**Required work:**
Each entry is to be retyped exactly as it appears, and each image is to be dropped.

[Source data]
+ + + + +

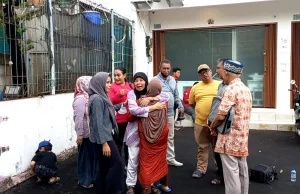 Korban Salah Gusur Pengadilan Tak Tuntut Pengadilan ke Pengadilan, Tapi Minta Keadilan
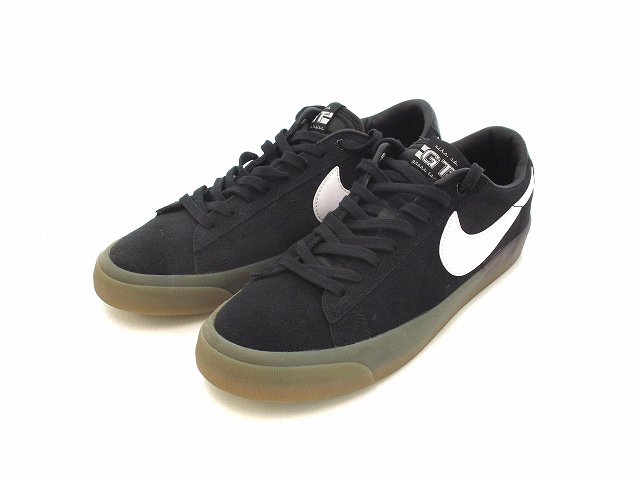 ナイキ エスビー NIKE SB ズーム ブレーザー ロープロ ZOOM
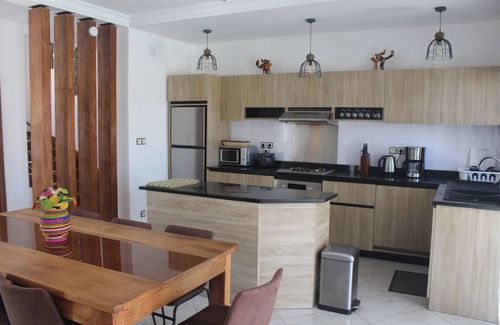 Antananarivo Avaradrano Villa | Villa Azalée Androhibe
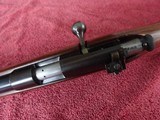WINCHESTER MODEL 57 22 LONG RIFLE ONLY - SCARCE GUN - 8 of 13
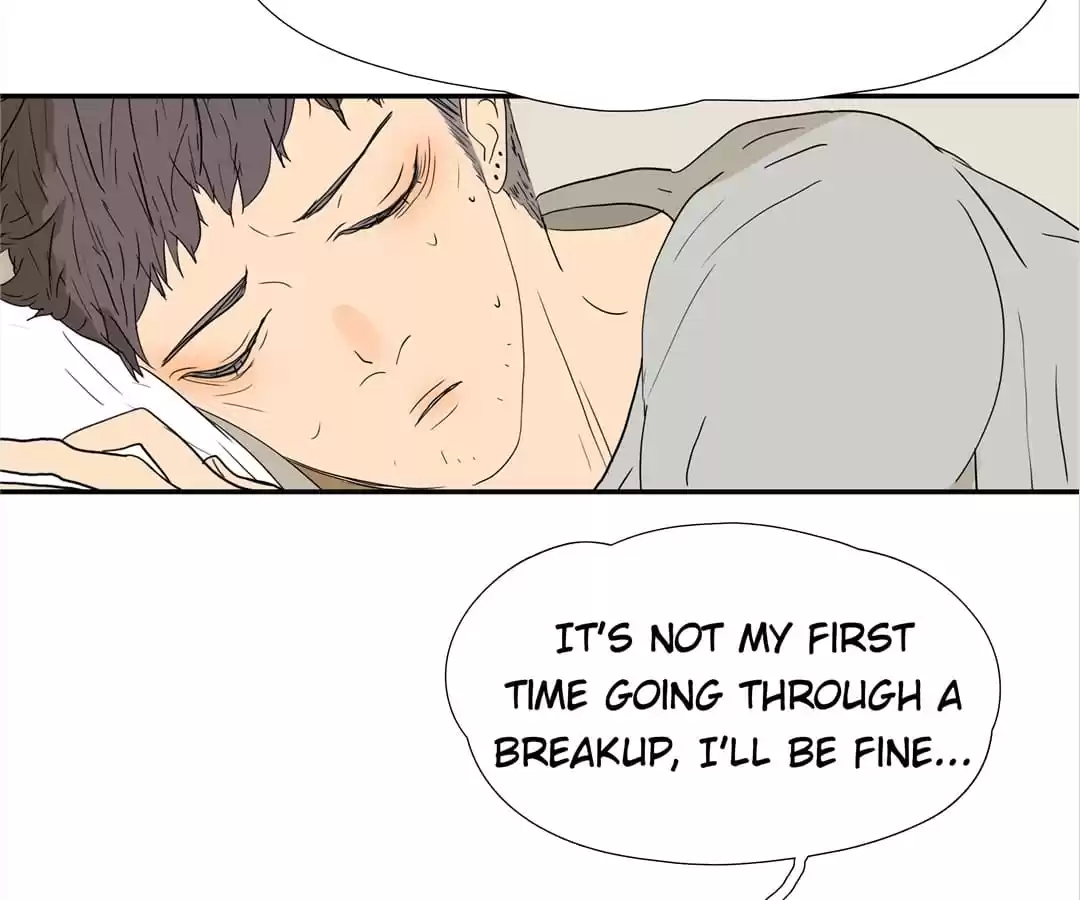 BROMANCE (Official) - Chapter 158 manhwa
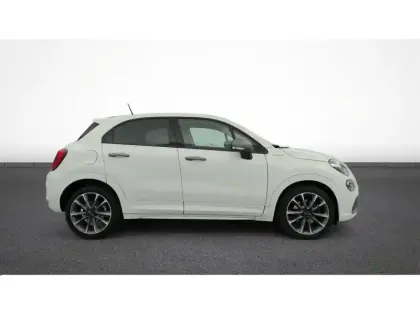 Photo 9 Fiat 500 X 1.5 FireFly 130 ch S/S DCT7 Hybrid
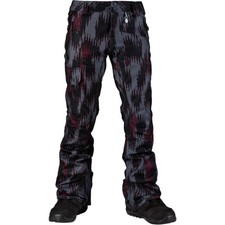 VOLCOM Womens MONAX Snow Pants - PBN - Size M...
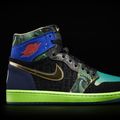 Nike Doernbecher Freestyle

+ + + + +

**Exercise output:**
 Korban Salah Gusur Pengadilan Tak Tuntut Pengadilan ke Pengadilan, Tapi Minta Keadilan
 ナイキ エスビー NIKE SB ズーム ブレーザー ロープロ ZOOM
 Antananarivo Avaradrano Villa | Villa Azalée Androhibe
WINCHESTER MODEL 57 22 LONG RIFLE ONLY - SCARCE GUN - 8 of 13
 BROMANCE (Official) - Chapter 158 manhwa
 Photo 9 Fiat 500 X 1.5 FireFly 130 ch S/S DCT7 Hybrid
 VOLCOM Womens MONAX Snow Pants - PBN - Size M...
 Nike Doernbecher Freestyle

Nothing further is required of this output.